As I told her my problem and she offered to come get me, I looked over to the side of the free way.
The only thing seperating me from the city of Bountiful was this fence. I could totally take on that fence. So I told Lindee not to come, even though she kept calling and insisting, and I left my car to go on a little journey.
Luckily there was a gas station less then a mile away and was able to buy a gas can to take back to my car. As I walked down the busy street, I realized what a cliche I was. A blonde WOMAN in heels walking down the street with a gas can in hand, I'm sorry to all you women out there, I've just contributed to the bad wrap women drivers get.
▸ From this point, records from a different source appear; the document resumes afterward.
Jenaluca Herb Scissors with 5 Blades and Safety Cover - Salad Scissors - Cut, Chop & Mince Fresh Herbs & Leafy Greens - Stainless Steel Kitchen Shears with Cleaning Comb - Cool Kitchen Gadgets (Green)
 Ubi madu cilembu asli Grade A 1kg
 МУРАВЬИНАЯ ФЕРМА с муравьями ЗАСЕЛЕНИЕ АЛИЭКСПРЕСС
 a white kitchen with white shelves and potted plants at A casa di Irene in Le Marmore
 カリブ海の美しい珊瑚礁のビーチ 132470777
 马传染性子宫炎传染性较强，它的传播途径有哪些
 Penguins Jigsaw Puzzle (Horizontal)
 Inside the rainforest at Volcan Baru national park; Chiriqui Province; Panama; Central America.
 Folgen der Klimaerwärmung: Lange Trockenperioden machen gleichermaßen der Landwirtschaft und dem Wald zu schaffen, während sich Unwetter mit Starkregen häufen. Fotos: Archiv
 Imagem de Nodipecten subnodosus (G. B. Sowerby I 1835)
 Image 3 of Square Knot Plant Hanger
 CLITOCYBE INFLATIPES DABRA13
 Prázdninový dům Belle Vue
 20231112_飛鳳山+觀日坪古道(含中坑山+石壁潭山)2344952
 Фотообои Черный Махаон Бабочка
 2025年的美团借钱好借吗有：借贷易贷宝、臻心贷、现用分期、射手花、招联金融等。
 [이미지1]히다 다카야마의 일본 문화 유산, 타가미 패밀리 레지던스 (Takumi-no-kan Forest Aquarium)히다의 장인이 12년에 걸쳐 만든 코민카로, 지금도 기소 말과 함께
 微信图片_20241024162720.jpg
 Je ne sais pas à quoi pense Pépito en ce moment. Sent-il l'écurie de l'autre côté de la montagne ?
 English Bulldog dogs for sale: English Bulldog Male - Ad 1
I wanted to scream at all the honking cars:
"It was my car's fault! It said I had a 3/4 full tank people!! It tricked me, NOT. MY. FAULT!"
Now climbing the fence on the way back with a gas can in hand was a little tricky. I threw my shoes and purse over the fence into the swampy mush on the other side and started climbing with the gas can in hand. Of course as I'm jumping down the fence, my pants get caught and now I have a nice hole right on the back of my thigh.
But look, after walking through all the swampiness I made it back to my car! Now to get the gas in the car was another problem. That gas can was ridiculous! I followed the instructions but as I poured the gas, about half of it got into the tank and half all over me, the side of my car and the concrete! Mmmmm, gas perfume.
I'm muddy, stinky, wet and tired but hey, the car starts! And I'm on my way.
So now for the happy part of the story. The birthday party. Little Taylor turned ONE! Look how adorable this little girl is:
And that's my best friend! Isn't she gorgeous! We've been best friends for over 14 years!
She has 3 adorable kids, 2 boys and 1 girl. Yeah, I think she's winning, she got a head start on the whole baby making thing.
DeAnna - 3
Kelly - 0
Here's a pic of her beautiful boys:
Isn't her family beautiful? Here's a little older pic:
(Sorry De, just had to steal these from you!)
I seriously need to do like a whole week of posts on DeAnna and our crazy times together so I'll save that for another time. The party was mad crazy, look at her huge family, she has 4 sisters and no brothers:
Tay and her birthday cake mustache:
Lindee and Logan were able to come too, it was a lot of fun getting Logan and DeAnna's boy Jordan together, they are the same age.
Thanks De for inviting us, it was so great to see you and your family and I already miss you!
Now I hadn't been to Chuck E. Cheeze's since I was like 6 and I remembered it as such a wonderful magical place. Ya know, where a kid can be a kid right? Well, it wasn't quite what I remembered.
It's a freakin kid zoo in there! I could actually see the germs floating through the air, and I have to tell you there are MEAN kids there!
My poor little nephew got in the way of this kid's skeeball game so the punk decided to kick Logan repeatedly in the stomach! Logan didn't know what to do so he just covered his head as the bully continued kicking him. Lindee was able to save him and was so pissed at that punk ass kid! She came and told me about it and we both wanted to cry! Who could kick this cute little boy? Aren't your eyes filling with tears right now just thinking about it? Mine too.
Lindee was seriously like the mama bear protecting her cub. I'm pretty sure she was gonna kick that little kid's ass to China but lucky for him, we never saw him again.
Which is probably a good thing considering he was like 7 and we are well, older than that, and we could probably do some real damage to that mother effer.